Take the line containing "Philippinen, Luzon Insel, Manila, Gesamtansicht" and every line below it through the end of the entries, and output them verbatim, pictures excluded.

Pictures with short captions:

Segment Open

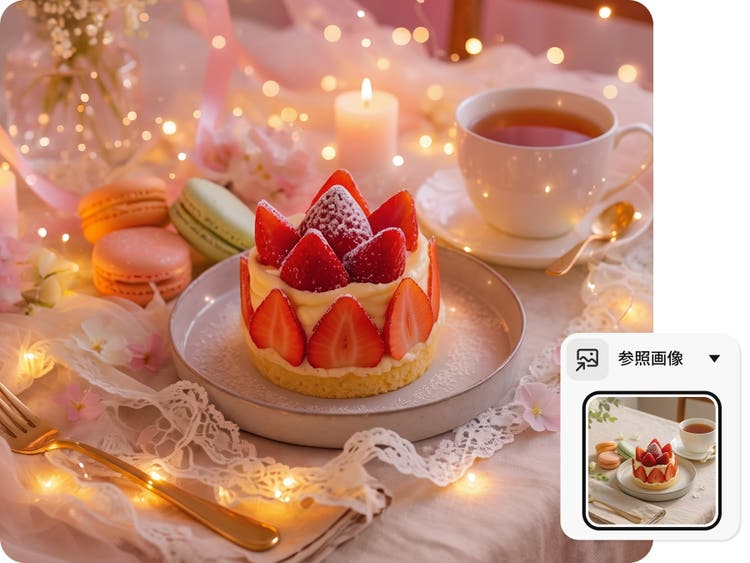 いちごのケーキと紅茶を並べたテーブルの写真を、灯りと花で彩ったロマンチックな雰囲気に作り変えた例。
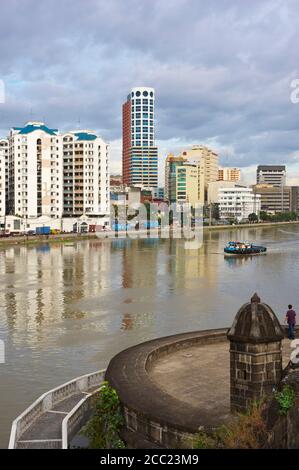 Philippinen, Luzon Insel, Manila, Gesamtansicht von intramuros, Pasig Fluss Stockfoto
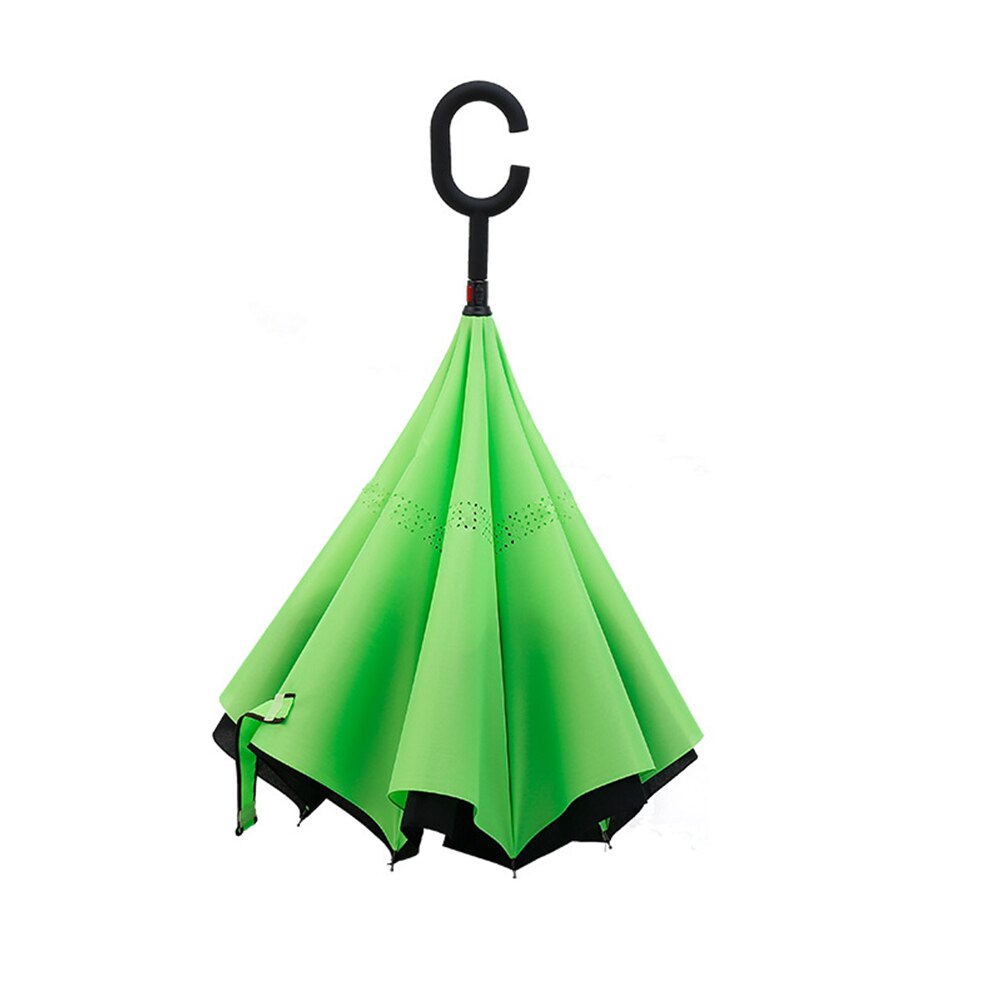 Windproof Reverse Folding Double Layer Inverted Orange Umbrella Self Stand Rain UV Protection C-Hook Handle For Car And Outdoor: A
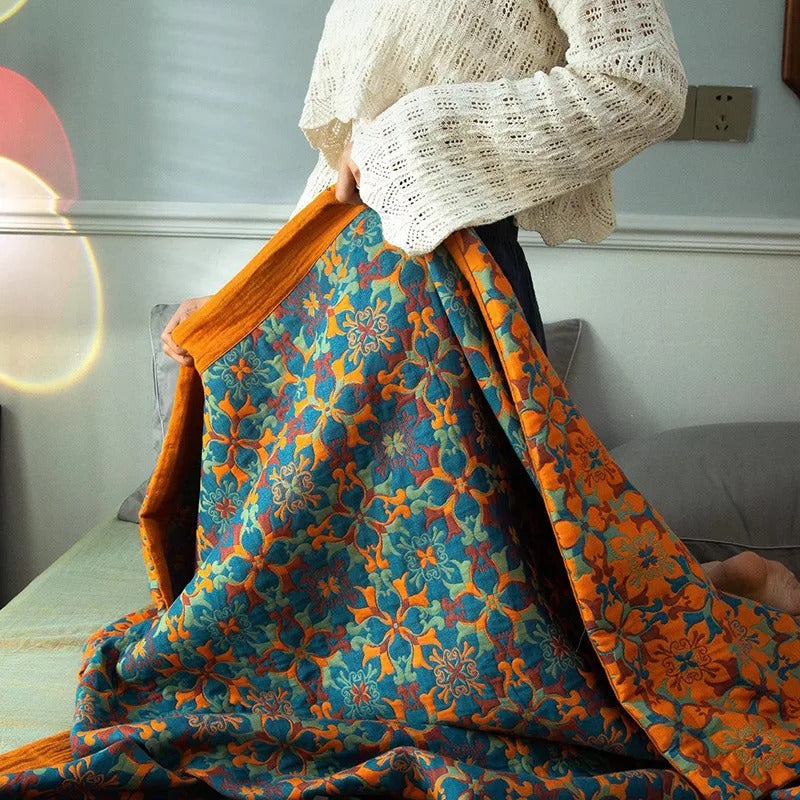Couverture et plaid floral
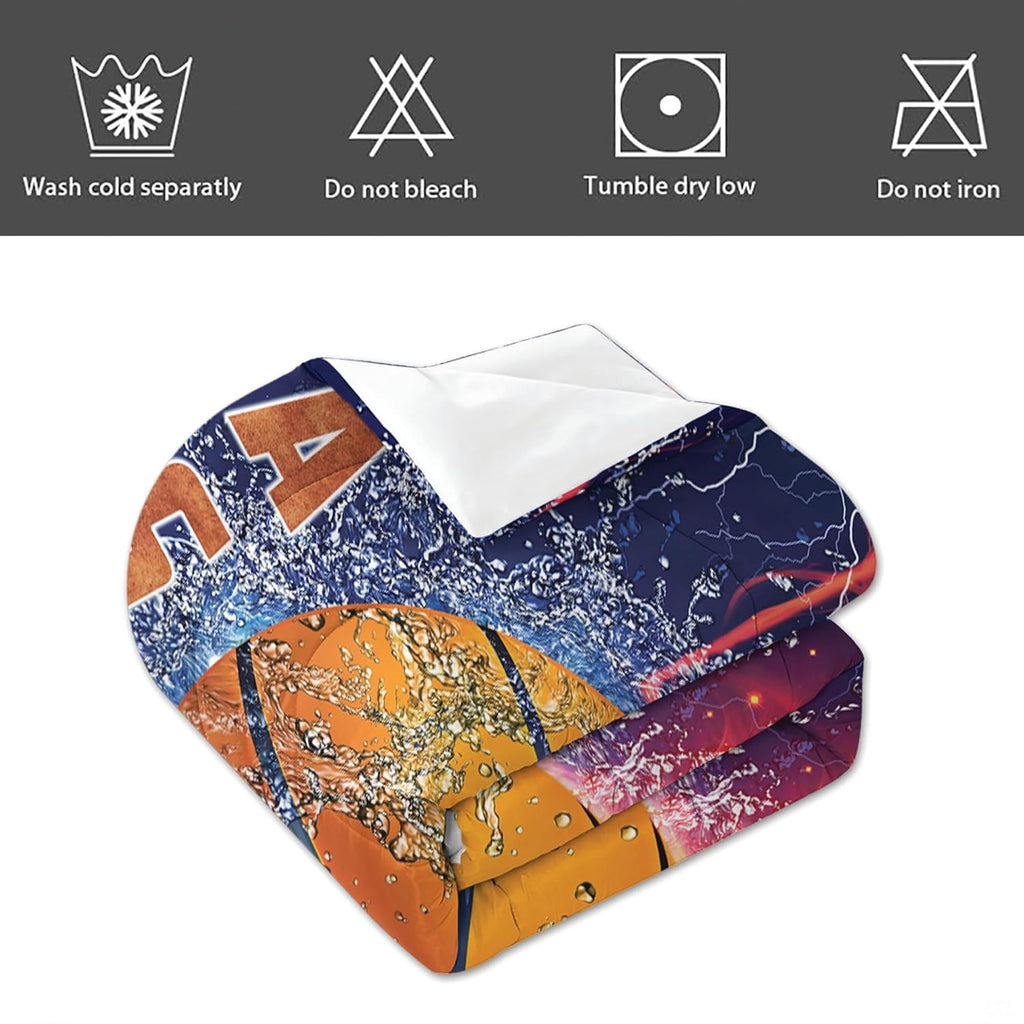 Side angle view of athletic bedroom scene decorated with thematic accent split art bedding set.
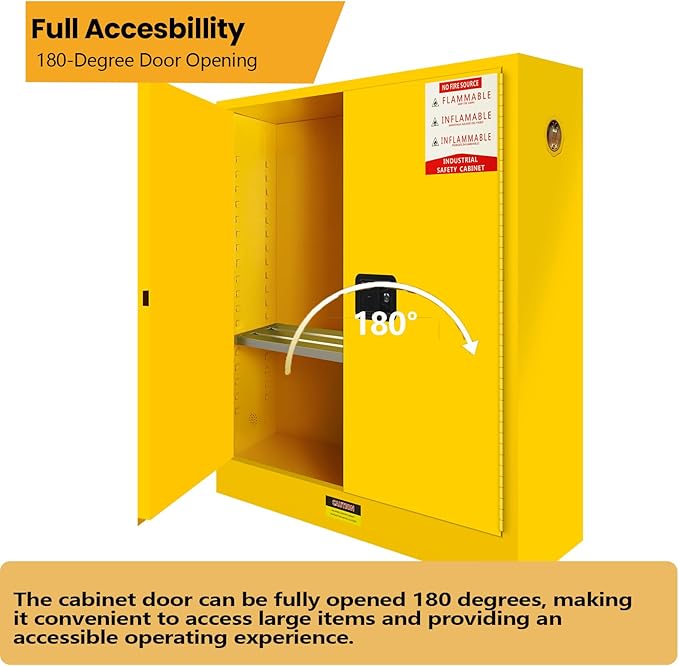 73" H × 49" D × 23" W Flammable Storage Cabinet, Fireproof Chemical Flammable Liquid Storage Cabinet, for Industrial and House, Yellow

Segment Closed

_Final answer_.
 Philippinen, Luzon Insel, Manila, Gesamtansicht von intramuros, Pasig Fluss Stockfoto
 Windproof Reverse Folding Double Layer Inverted Orange Umbrella Self Stand Rain UV Protection C-Hook Handle For Car And Outdoor: A
Couverture et plaid floral
 Side angle view of athletic bedroom scene decorated with thematic accent split art bedding set.
 73" H × 49" D × 23" W Flammable Storage Cabinet, Fireproof Chemical Flammable Liquid Storage Cabinet, for Industrial and House, Yellow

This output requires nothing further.